While Shelley and Cronyn are true stars of the stage, the real star of this production is Michael Anania’s Act I set inspired by the work of Charles Rennie Macintosh (1868-1928), a Scottish-born architect, designer and watercolorist associated with the Arts and Crafts Movement and later with Art Nouveau. The set Anania has created to represent Jack’s London flat is beautiful and fantastic, but it almost overpowers the play and I am not sure but that it doesn’t distract more than it enhances the proceedings. Earnest is a fairly intimate play, and Anania’s soaring, swooping lines are too grand. They make it feel as if Jack and Algie are at play on the vast acreage of stage at Radio City Music Hall or some gem of an art nouveau theatre, rather than exchanging barbs in a cozy drawing room.

The garden set which serves for the action of Acts II & III is much more intimate and therefore more appropriate and effective. I did find it amusing, however, to re-enter the theatre after intermission to be greeted by walls of pastel colored roses almost identical to those created by Neil Patel for the second act of Lady Windermere’s Fan.

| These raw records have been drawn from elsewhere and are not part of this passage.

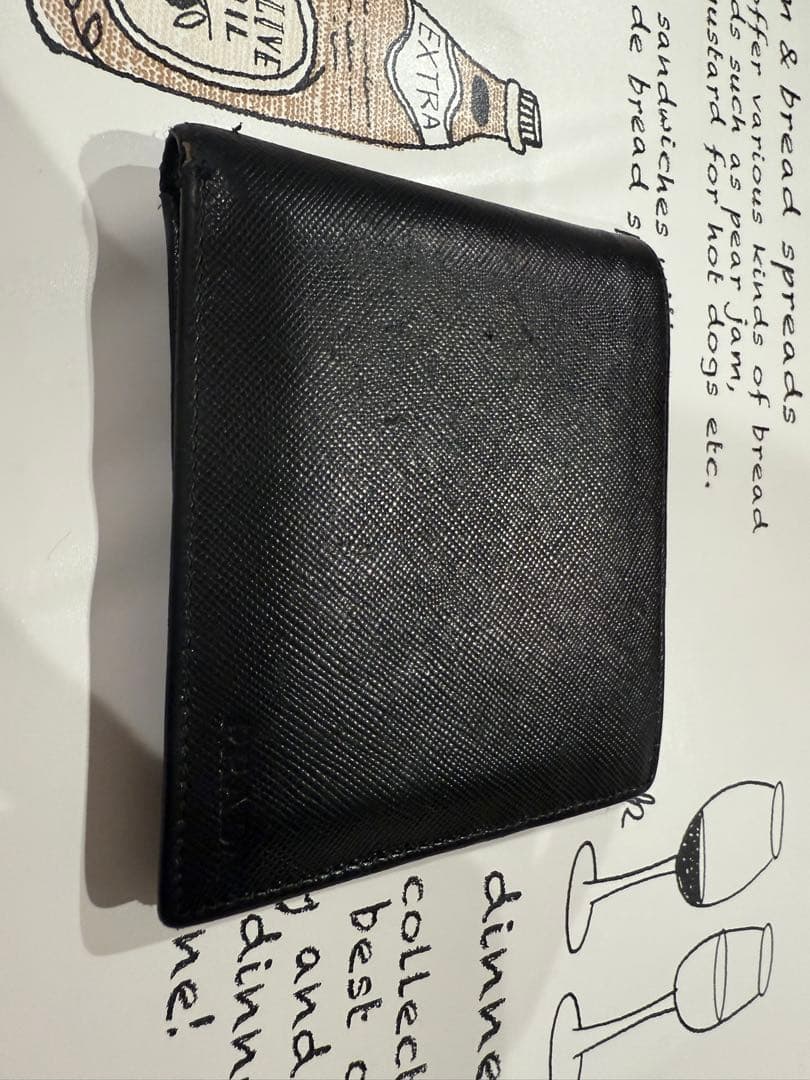 PRADA サフィアーノ 二つ折り財布　メンズ黒色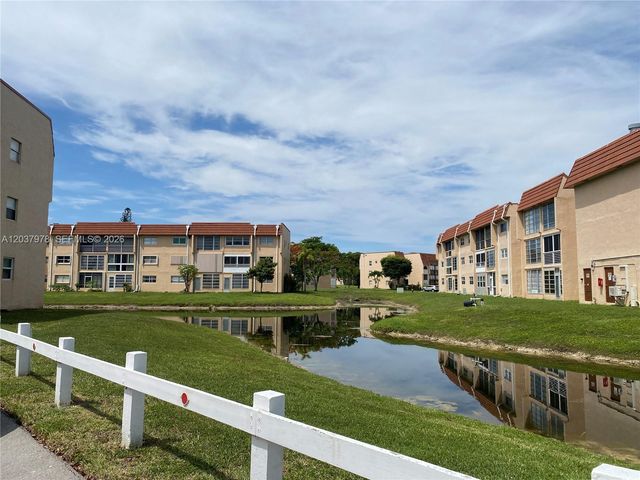 8861 Sunrise Lakes Blvd 311, Sunrise, FL 33322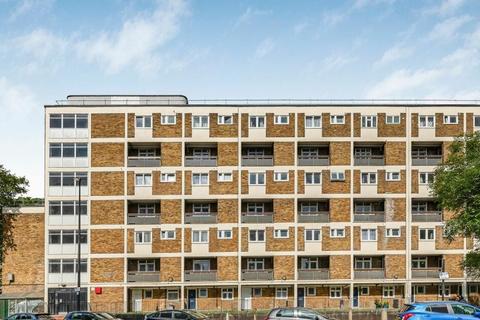 Cambridge Heath Road, E1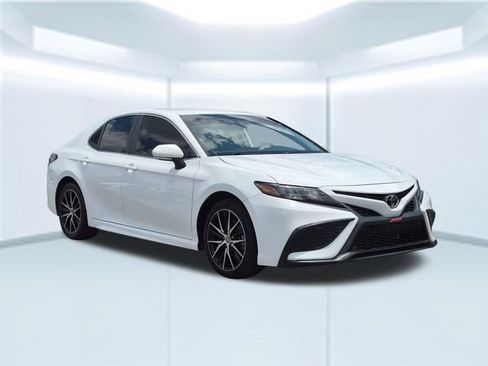 Used 2024 Toyota Camry SE FWD image 9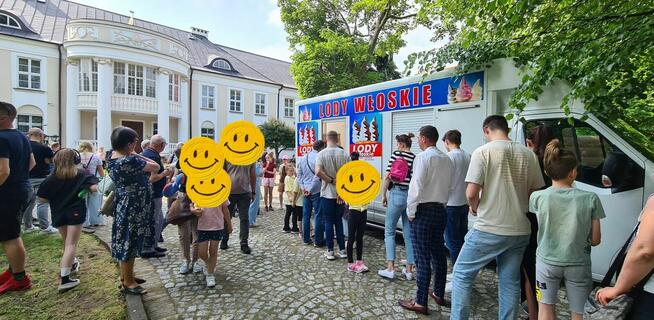 Lody Włoskie Warszawa, wynajem mobilnych punktów z lodami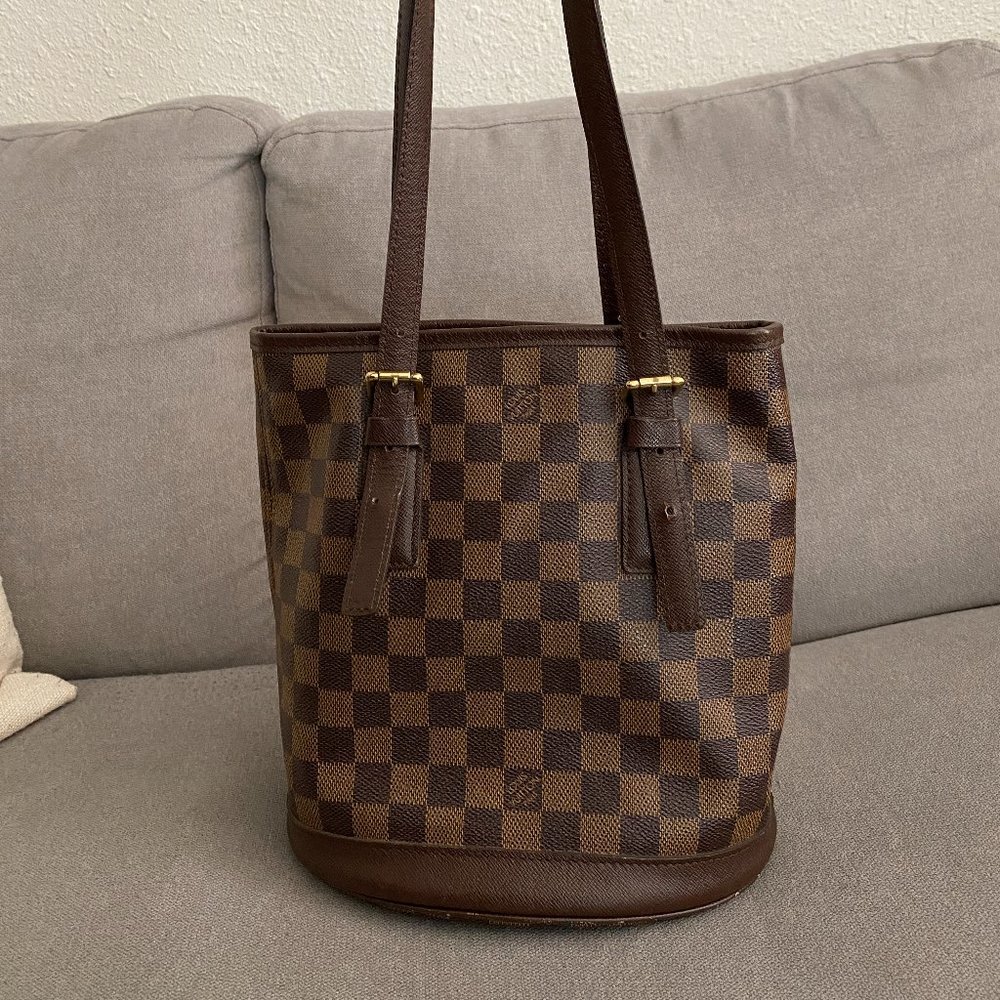 Damier Ebene Marais Bucket 23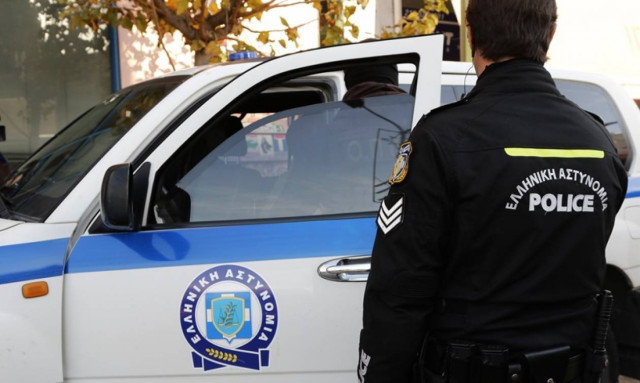 Κέρκυρα: Αστυνομικός πυροβόλησε και σκότωσε τη σύζυγό του (pics)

Now we see the collective unconscious at work. Not only did three area theatre companies decide to produce plays by Oscar Wilde this summer, but two expert designers were inspired by his words to use identical set components.

Elizabeth Flauto has designed costumes that are appropriate to the period but a little too restrained given the lavishness of Anania’s sets. I found the color schemes of Gwendolen’s ensembles to be a bit garish, but everyone else looked almost too subdued.

I wish that I could lay my finger on exactly what made me feel so blasé about this production. A wonderful script, an excellent cast, a top-notch director and designers - nothing was wrong but something was not right. My heart did not sing as I left the theatre, and that is a great pity.

The Barrington Stage Company production of The Importance of Being Earnest runs through August 7 at Mt. Everett Regional High School on Berkshire School Road in Sheffield, MA. The show runs two hours and ten minutes with one intermission and is suitable for the whole family. Call the box office 413-528-8888 for tickets and information.

* For the record I have a grandfather, uncle and cousin named Earnest (with an A, thank you very much) on my mother’s side, and on my father’s side I have an aunt named Ernestine, so no one knows so well as I the importance of being Earnest, but I have never allowed it to become an obsession.